Would you count how many lines of the material below hold the string "Green"? Give only the number.

▶ _Supplied information_
§
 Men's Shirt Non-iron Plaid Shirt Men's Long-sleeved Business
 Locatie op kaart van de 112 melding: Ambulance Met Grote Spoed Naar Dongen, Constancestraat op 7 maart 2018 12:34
§
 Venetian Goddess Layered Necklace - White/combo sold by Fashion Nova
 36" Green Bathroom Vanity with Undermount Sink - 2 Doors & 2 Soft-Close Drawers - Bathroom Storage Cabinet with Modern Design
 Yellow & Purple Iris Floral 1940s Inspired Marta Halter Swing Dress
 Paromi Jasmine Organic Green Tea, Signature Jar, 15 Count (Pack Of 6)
§
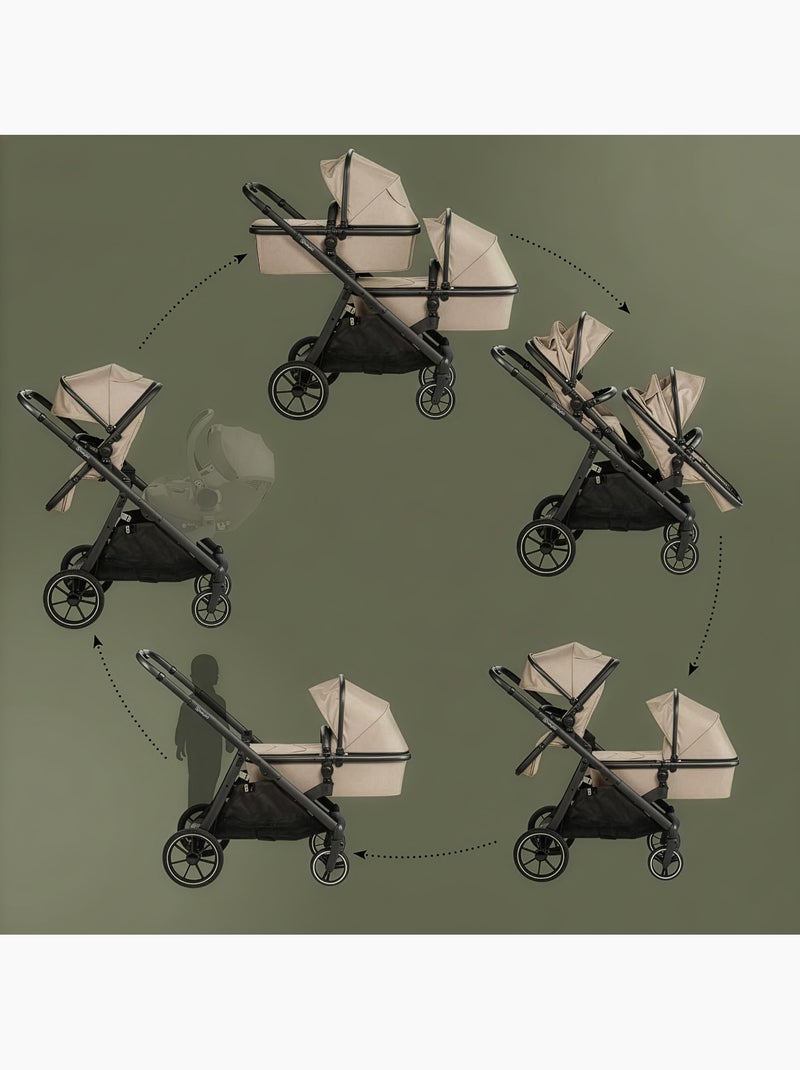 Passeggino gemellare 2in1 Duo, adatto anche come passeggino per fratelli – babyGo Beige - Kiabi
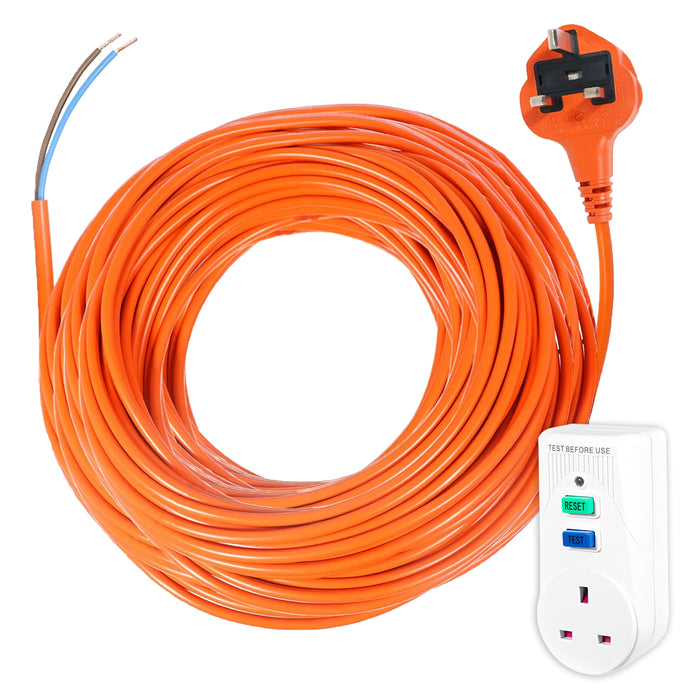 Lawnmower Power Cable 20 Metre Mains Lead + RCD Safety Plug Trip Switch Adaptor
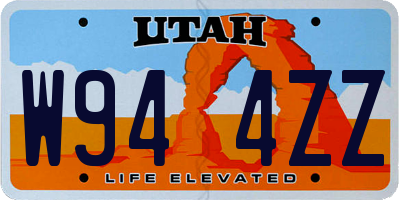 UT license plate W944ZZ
§
▶ _Solution for this task_
2